Wie entsteht so ein Monster?
Del Toro: An Anfang entstehen Entwürfe aus Ton. Diese Figuren stelle ich auf meinen Schreibtisch und umkreise sie mit einer Lampe, um alle Schatten zu sehen. Schatten sind später enorm wichtig, weil sie wie Mimikfalten wirken. Beim Gesicht können Millimeter am Mundwinkel entscheiden, um die richtige Balance zwischen Mensch und Amphibien-Wesen zu bekommen. Für den letzten Schliff gaben die Frauen bei mir zu Hause den Ausschlag: Mehr Hintern oder weniger? Genügend Sixpack? Breitere Schultern oder schmalere? Ich wollte eine Kreatur, in die man sich verlieben kann.
Weshalb ist es wichtig, dass ein Schauspieler im Amphibien-Kostüm steckt und kein Computer für die Effekte sorgt?

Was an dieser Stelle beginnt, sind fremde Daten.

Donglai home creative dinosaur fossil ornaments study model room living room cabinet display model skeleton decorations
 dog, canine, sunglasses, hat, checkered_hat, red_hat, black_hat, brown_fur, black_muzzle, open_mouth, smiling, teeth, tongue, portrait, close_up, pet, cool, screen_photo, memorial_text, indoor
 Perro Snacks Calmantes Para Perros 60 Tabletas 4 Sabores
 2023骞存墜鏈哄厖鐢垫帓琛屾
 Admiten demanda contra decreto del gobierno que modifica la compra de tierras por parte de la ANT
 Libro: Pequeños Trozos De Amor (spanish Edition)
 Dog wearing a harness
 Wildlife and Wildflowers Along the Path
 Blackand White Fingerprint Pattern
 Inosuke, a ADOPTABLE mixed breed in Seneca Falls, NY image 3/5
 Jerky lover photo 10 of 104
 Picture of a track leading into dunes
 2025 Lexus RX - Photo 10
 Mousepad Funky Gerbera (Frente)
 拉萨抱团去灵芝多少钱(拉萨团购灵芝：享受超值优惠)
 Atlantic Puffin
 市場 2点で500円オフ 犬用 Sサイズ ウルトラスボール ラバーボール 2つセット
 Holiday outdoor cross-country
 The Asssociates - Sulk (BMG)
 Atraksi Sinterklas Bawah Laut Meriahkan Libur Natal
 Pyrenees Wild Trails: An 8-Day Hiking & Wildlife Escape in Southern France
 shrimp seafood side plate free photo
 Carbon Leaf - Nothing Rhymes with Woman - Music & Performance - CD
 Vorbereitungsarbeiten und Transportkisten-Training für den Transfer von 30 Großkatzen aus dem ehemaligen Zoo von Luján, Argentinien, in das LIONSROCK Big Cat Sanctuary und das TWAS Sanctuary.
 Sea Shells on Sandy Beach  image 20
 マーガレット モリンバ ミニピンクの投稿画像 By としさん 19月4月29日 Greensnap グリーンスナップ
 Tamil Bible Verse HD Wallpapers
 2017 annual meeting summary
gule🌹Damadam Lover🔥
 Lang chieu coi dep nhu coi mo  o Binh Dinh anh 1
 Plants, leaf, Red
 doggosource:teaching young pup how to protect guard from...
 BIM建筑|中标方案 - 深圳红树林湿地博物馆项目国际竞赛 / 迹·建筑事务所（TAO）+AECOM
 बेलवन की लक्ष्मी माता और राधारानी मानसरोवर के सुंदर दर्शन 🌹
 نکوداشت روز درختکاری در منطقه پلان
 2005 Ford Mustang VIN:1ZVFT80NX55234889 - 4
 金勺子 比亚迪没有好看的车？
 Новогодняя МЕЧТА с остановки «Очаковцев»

Del Toro: Ohne Schauspieler in dem Kostüm steckt, hat man keinen Film – und Doug Jones ist ein großartiger Darsteller. Wenn er zum ersten Mal in das Kino kommt und man spürt, die Kreatur hat noch nie zuvor einen Film gesehen, dann sind das echte Schauspieler-Momente. Oder jene Schlüsselszene im Badezimmer: Richard Jenkins hatte zunächst Bedenken, mit einem Kollegen im Kostüm aufzutreten. Danach erzählte er, kaum hätte er Action gehört, bekam er das Gefühl, einem antiken Wasser-Gott gegenüberzustehen.
Wie haben Sie den „Goldenen Löwen“ in Venedig erlebt?
Del Toro: Ich war schon wieder zurückgereist nach Los Angeles als mich um sechs Uhr morgens ein Anruf erreichte. Da war mir klar, dass wir irgendetwas gewonnen hatten – wer sonst würde um diese Zeit anrufen? Man sagte mir lediglich, ich solle nochmals nach Venedig kommen. Nach meiner Ankunft blieben nur 30 Minuten, um mich für die Preisverleihung umzuziehen und ins Kino zu gehen – wo der Goldene Löwe auf mich warten sollte.